Some Thoughts About The Current Political Situation

As we wait for Obama to announce his running mate, here some thoughts about the political situation as it stands now.

1) The crisis in Georgia seems to be helping McCain.  As people get worried about Russian aggression, they turn to the man they THINK will be able to handle it.  For some reason, getting shot down, imprisoned and tortured is good preparation for high level diplomacy.  It's all about the American working class's fetishizing of the military - a trait actively encouraged by the Republican party.  Obama is still essentially tied in national polls but more worrying he's now tied in swing states he was ahead in (like Ohio) and according to real clear politics (see link to the right), he's now just barely winning the electoral college.  Before the Russian invasion of Georgia, Obama was looking to get way over 300 electoral votes.  

2)  Most of these polls are not including either Nader or Bob Barr.  But the first poll I've seen that does include both of these potential spoilers shows that once again, Nader's Raiders are far more likely to damage the  Democrats than Barr will be to damage the Republicans.  The LA Times did a poll that shows that Nader is getting about 4% while Barr is only getting 1%.  

3)  Obama still has a decisive lead in enthusiasm among his supporters.  According to the same LA Times poll (see link in item 2), 78% of Obama supporters are "enthusiastic" about their candidate compared to only 61% of McCain supporters.  The flip side is more worrying for McCain.  20% of Obama supporters are unenthusiastic supporters.  38% of McCain's people are unenthusiastic.  
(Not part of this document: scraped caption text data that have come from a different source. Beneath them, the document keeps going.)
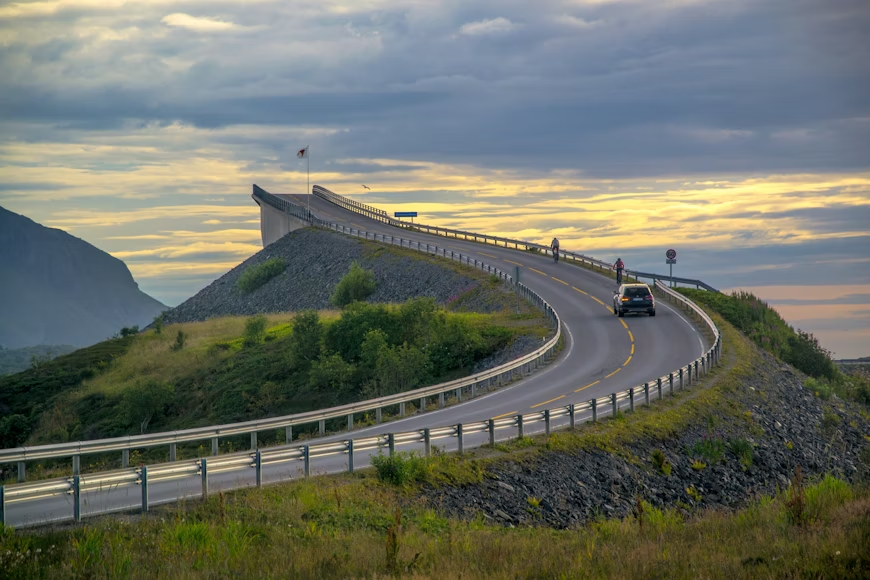 Roadtrip travel itineraries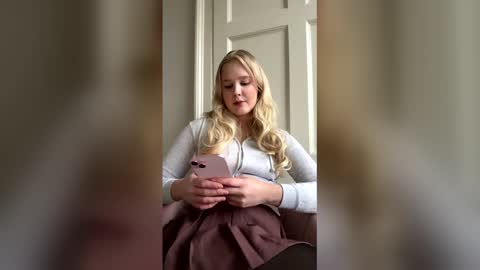 Snapshot of rosehayes chatting on December 18, 2:56 pm Rose Hayes online show from December 18, 2:56 pm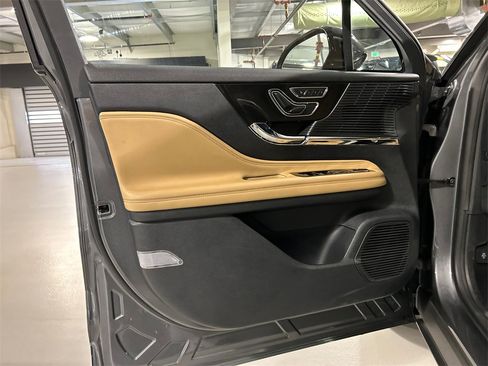 Certified 2022 Lincoln Corsair Reserve w/ Elements Package image 9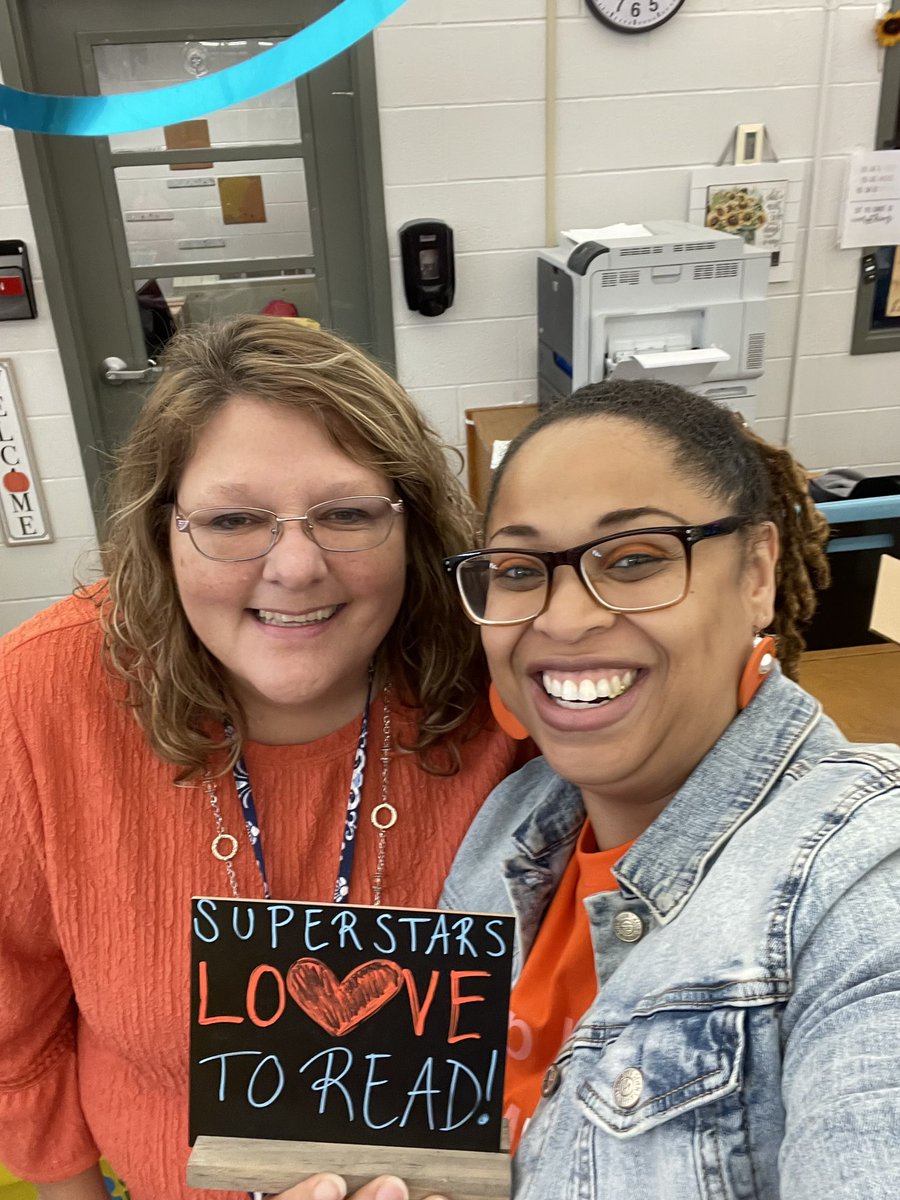 JCPSBP's tweet photo. Shout out to the outstanding staff at @StonestreetElem for wearing orange supporting #BullyingPreventionMonth!

#WeAreJCPS
#JCPSBullyingPrevention
#JCPSBullyBlockers
#UnityDay2023 https://t.co/SabKCqo6Eg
4) Obama continues to have a huge fundraising advantage.  In July he raised $51 million and has $65.8 million cash on hand.  McCain had his best month in July (helped in part by a huge pay off from big oil companies for advocating off shore drilling) raising $27 million but only having $21 million cash on hand (McCain went into debt in June).  The DNC and RNC have different fortunes.  The RNC is barely out raising the DNC.  The RNC raised $26 million in July and has $75 million cash on hand.  The DNC raised $22 million and a similar figure for cash on hand.  Keep in mind that the RNC will want to devote a lot of their money to keeping Republicans in office down ticket.  

5) Obama is running adds that directly target blue collar voters in the rust belt (Ohio, Michigan, Western Pennsylvania, Indiana, Illinois and Wisconsin).  There is the "hands" ad that LTG dismisses as all potatoes and windmills.  Then there is Obama's new "economic plan" ad.  In contrast, McCain is running a combination of attack ads and ads aimed at convincing people that he "feels their pain" with his "broken" ad.    And Obama is responding with ads showing McCain begging for primary votes by bragging about his ties to Bush - like this.  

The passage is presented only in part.